Millions are mourning over the loss of iconic music legend Prince, who died last week at the age of 57. Social media has been flooded with purple tributes to the pop star, status after status attesting to the histrionic impact of Prince’s persona.

It was well known that Prince was extremely protective of his music and his image. Unfortunately, after a bad contract experience in his early years, Prince became weary of signing legal documents. The fact that Prince did not leave behind a will or an estate plan has come as a shock to many. His apprehension towards legal discourse will sadly have drastic implications for the legacy he left behind.

The recent question circulating the Internet is: what will happen to Prince’s estate, music, and image without a will or trust?

Prince’s fortune is estimated at around $300 million. However, several reports have revealed that Prince also had thousands of unreleased songs locked in a bank vault in the basement of his Paisley Park compound. Had Prince placed his songs and other intellectual property in a dynasty trust, he would have been able to dictate will happen to his music image post-humous.

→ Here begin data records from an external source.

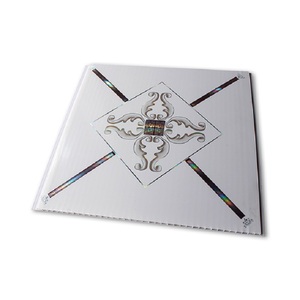 热销方形聚氯乙烯面板防水吊顶家用可定制烫印图案天花板 - Product Image 1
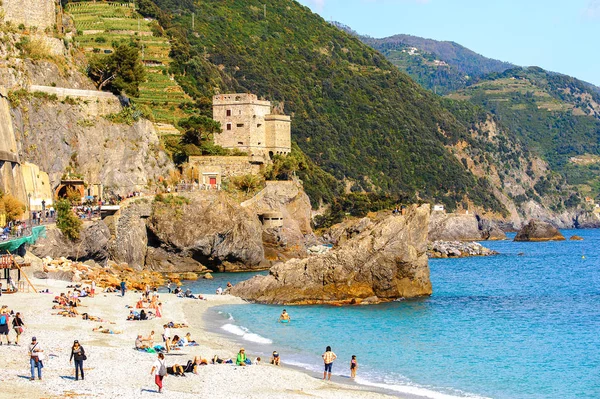 Monterosso, İtalya - 5 Mayıs 2016: Monterosso al Mare Plajı, İtalya'nın Liguria eyaletinin La Spezia eyaletinde küçük bir kasaba. Unesco Dünya Mirası Listesi'ndeki Cinque Terre topraklarından biri.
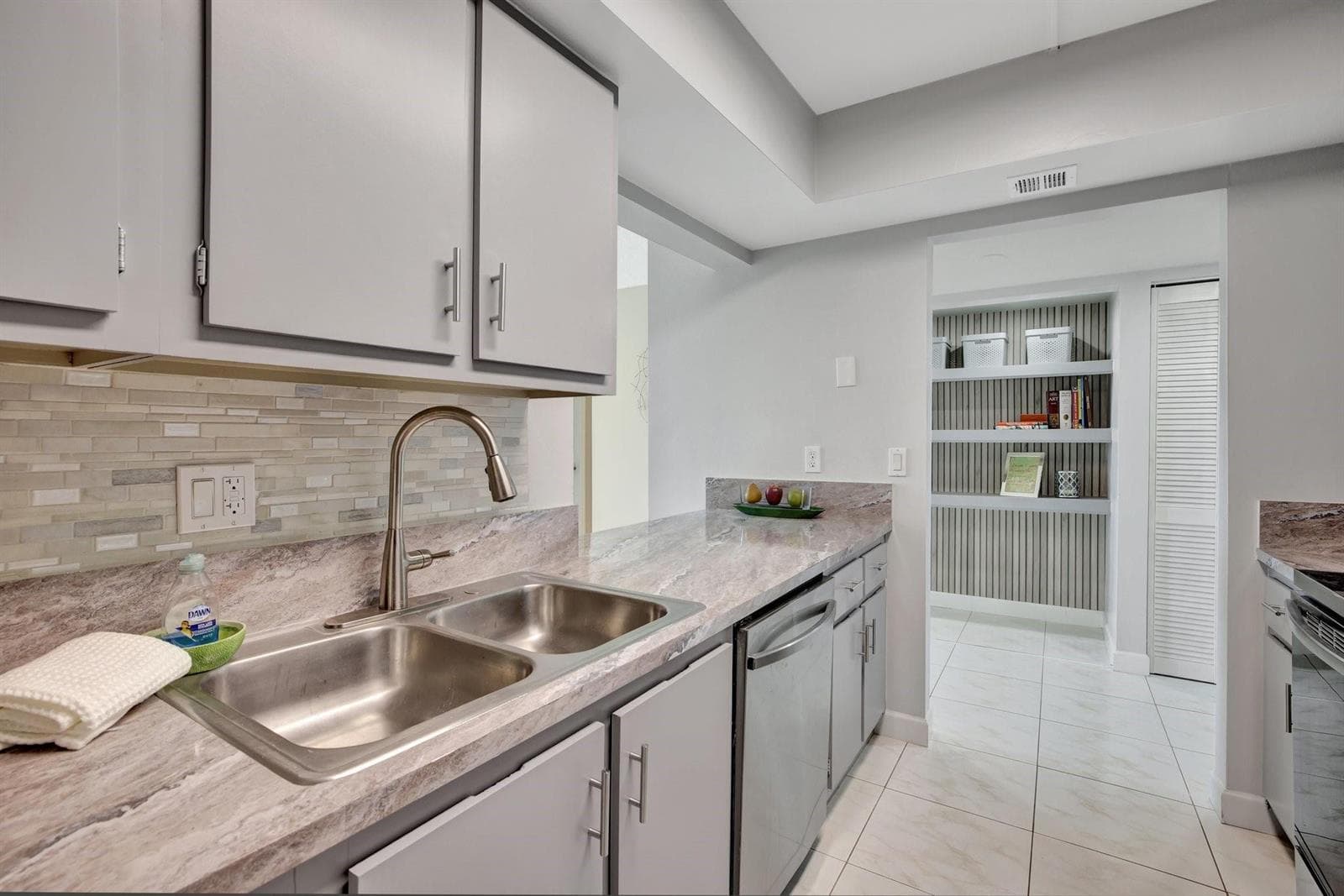 1101 River Reach Drive 415 photo 5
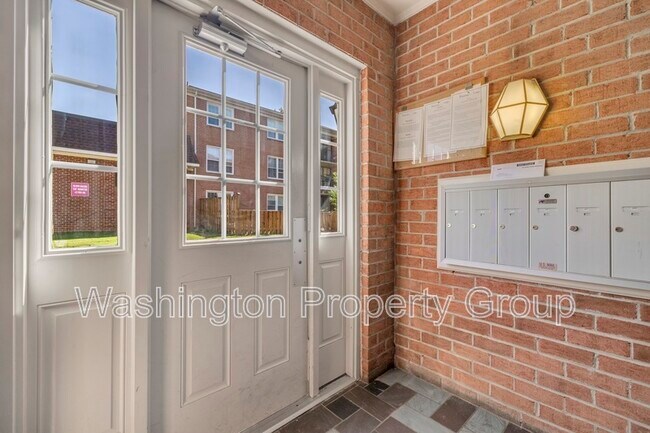 Building Photo - 736 Quince Orchard Blvd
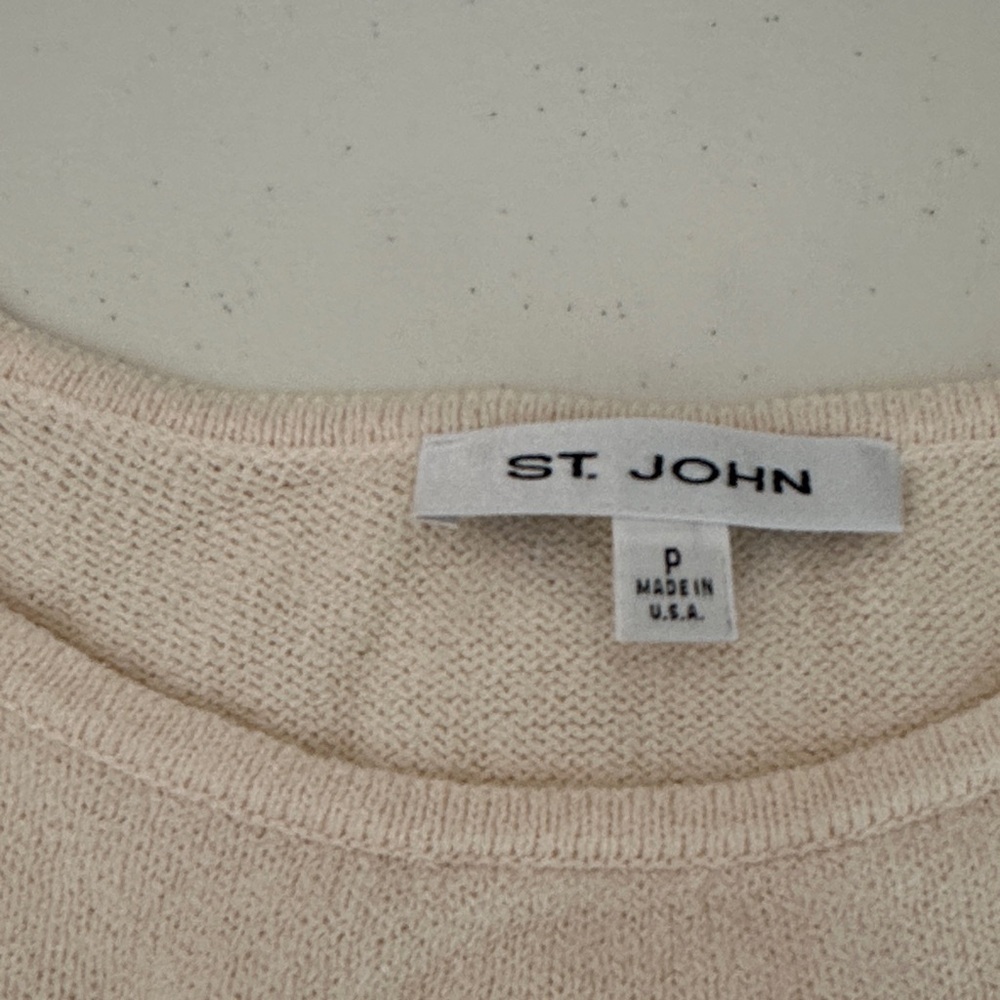 St. John Cream Crop Top - Picture 2 of 4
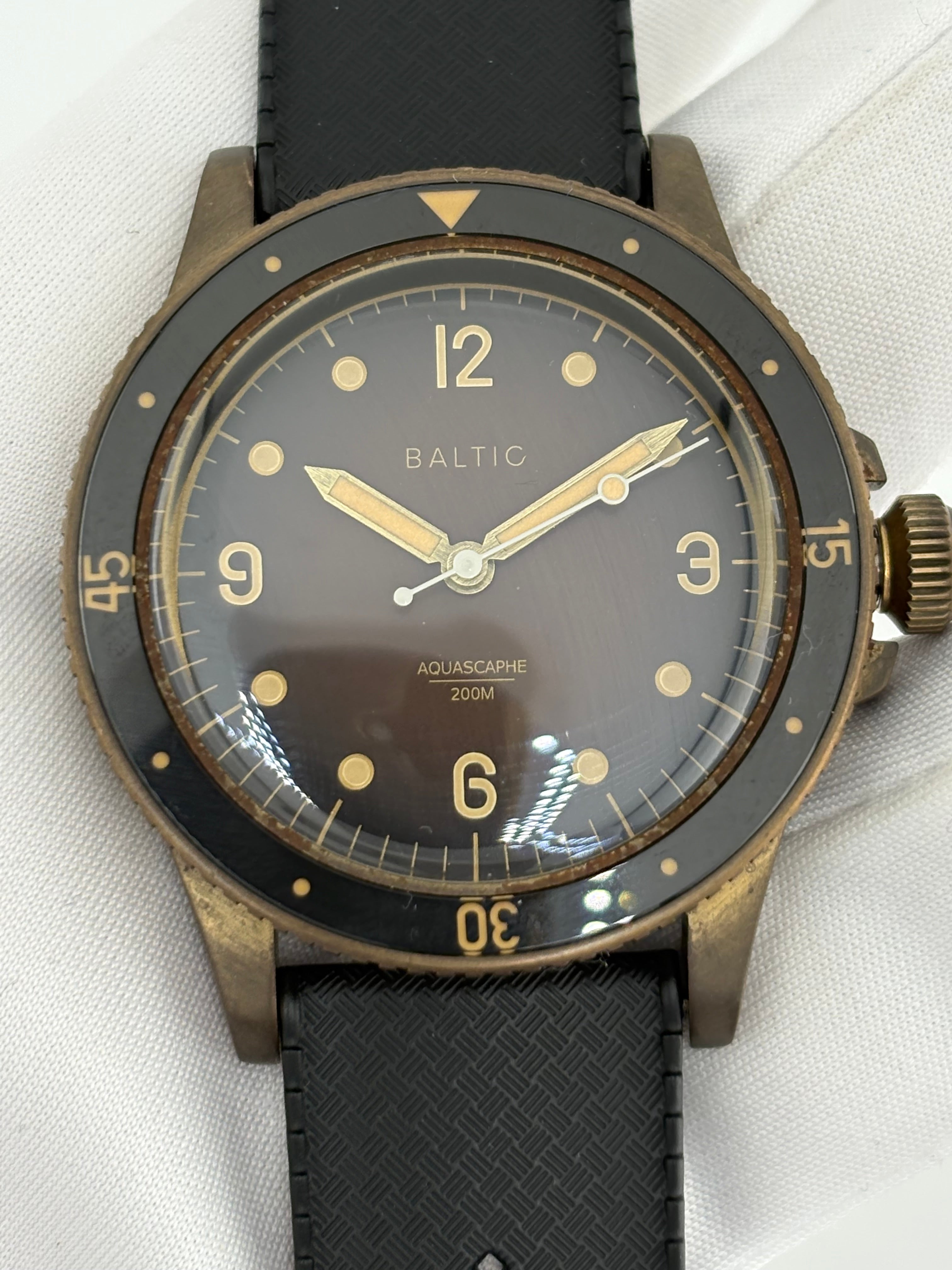 Baltic Aquascaphe Bronze 39mm – Brown Dial | Full Set |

“If you own assets that will increase in value substantially after your death, you should absolutely have an estate plan that takes that into account now,” Estate Planning Attorney Jorge Lopez of Jorgensen & Salberg, LLP commented.

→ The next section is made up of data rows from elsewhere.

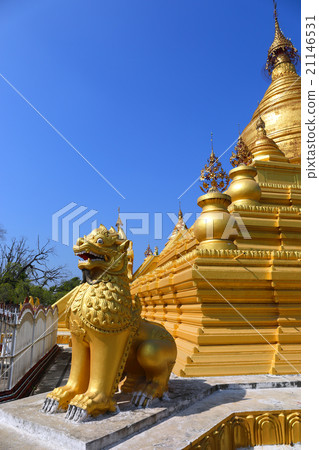 Golden pagoda in Kuthodaw temple in Mandalay 21146531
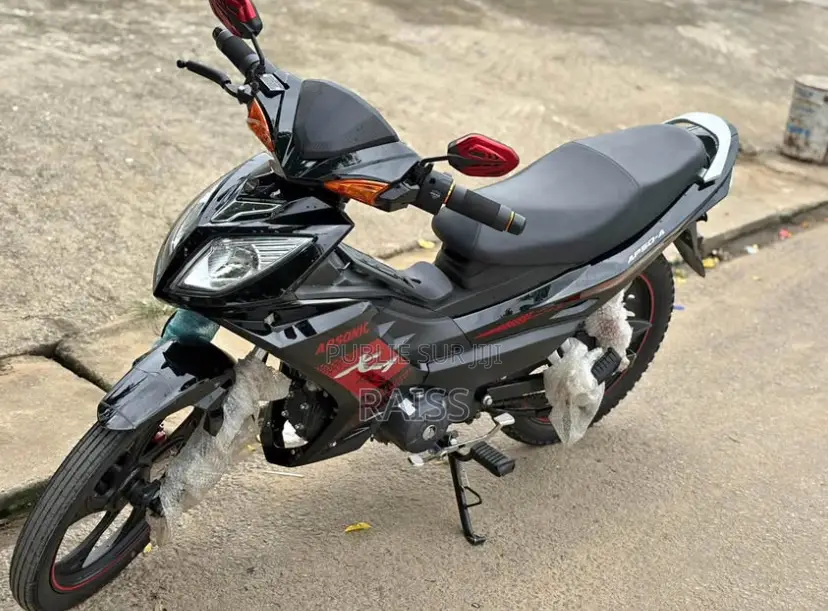 KTM Duke 125 2023 Rouge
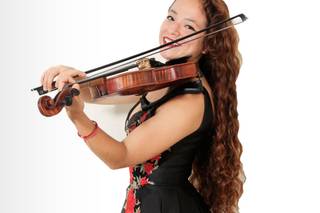 Angie Harumi Violinista
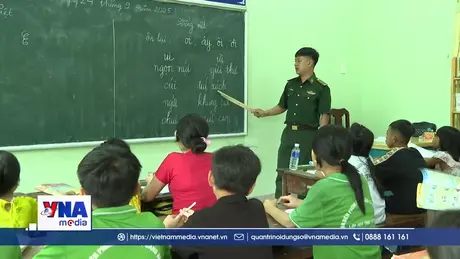 Lớp học tình thương của thầy giáo quân hàm xanh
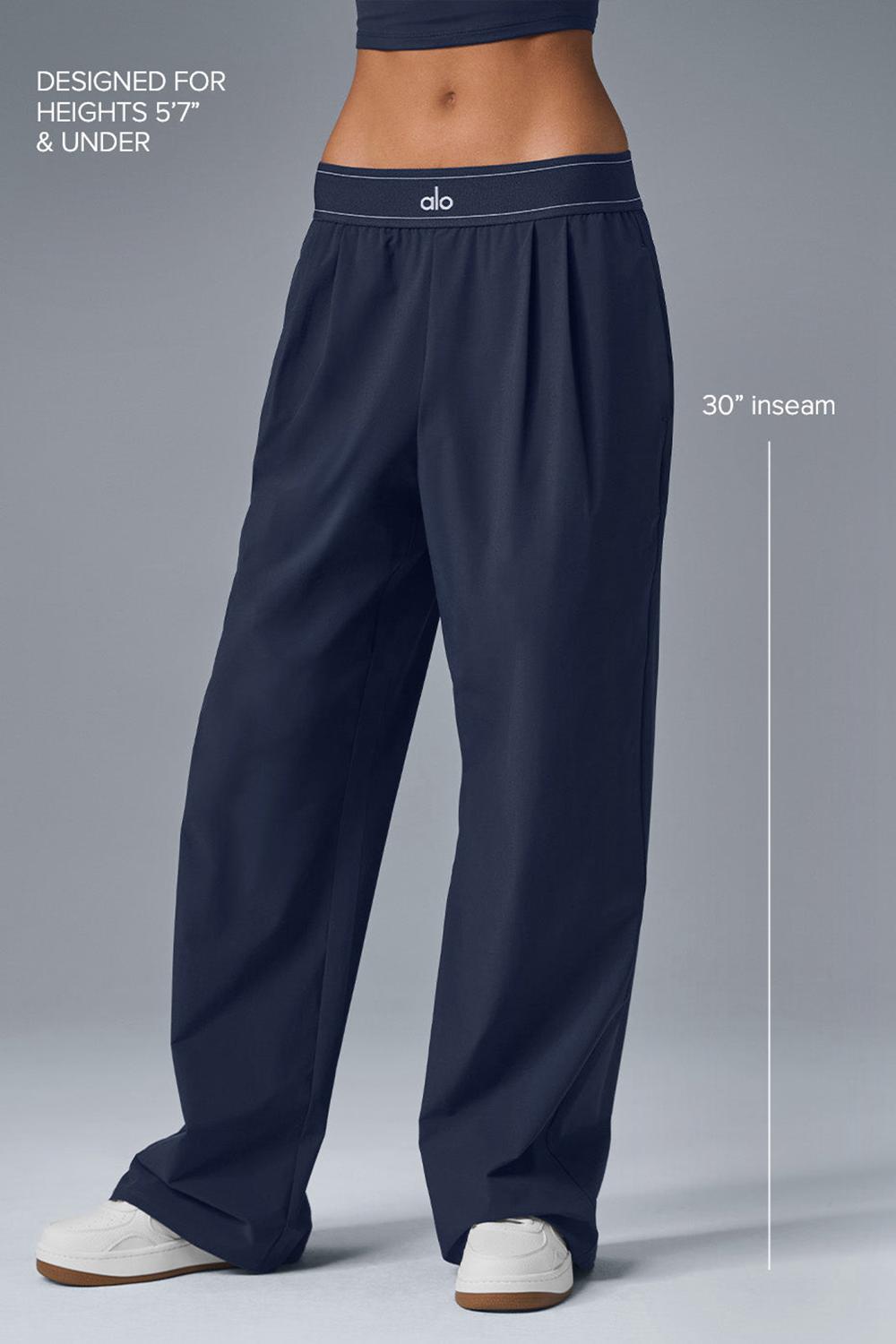 Alo Yoga Suit Up (Regular) Naisten Housut Laivastonsininen | Suomi  6931-IJTQP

Prince’s sister, Tyka Nelson, filed court documents on Tuesday asking for a special administrator for the artist’s estate. Whoever inherits the estate will have complete control over Prince’s assets including his unpublished music. However, since Prince did not leave a will or trust, the process will most likely take years.

Further, the artist’s opposition to legal planning will cost his estate an enormous tax bite. The value of his estate, although still being speculated, will be subject to a federal estate tax rate of 40 percent and a Minnesota tax rate of 16 percent— meaning roughly half the estate could go to the government. By creating a will or trust, Prince could have reduced this tax rate and saved his estate from being embroiled in legal disputes for years to come.

The bottom line is – with no offense to the music icon – that you don’t have to be wealthy to do a better job of estate planning.

Lopez states that the first step to taking control of your future is to create a will. If you have young children, a will is the only legal document that can specify a guardian for them. “Several clients change their mind about creating a will once I tell them this,” Lopez explains.

A revocable trust is also a route you may consider. A revocable trust can act like a will and additionally ensure that your estate will not be probated. Probate is the legal procedure in which a judge decides who will inherit your assets after death. The process is often lengthy and extremely costly. Ultimately, it is in your best interest to avoid it by having a trust, and at the very minimum, a will.

The thought of creating a will or planning for your death is hardly pleasant. However, it is the best way to take control of your legacy after you go. If there is one lesson to be learned from Prince’s sudden passing, it’s that making an estate plan should not be procrastinated.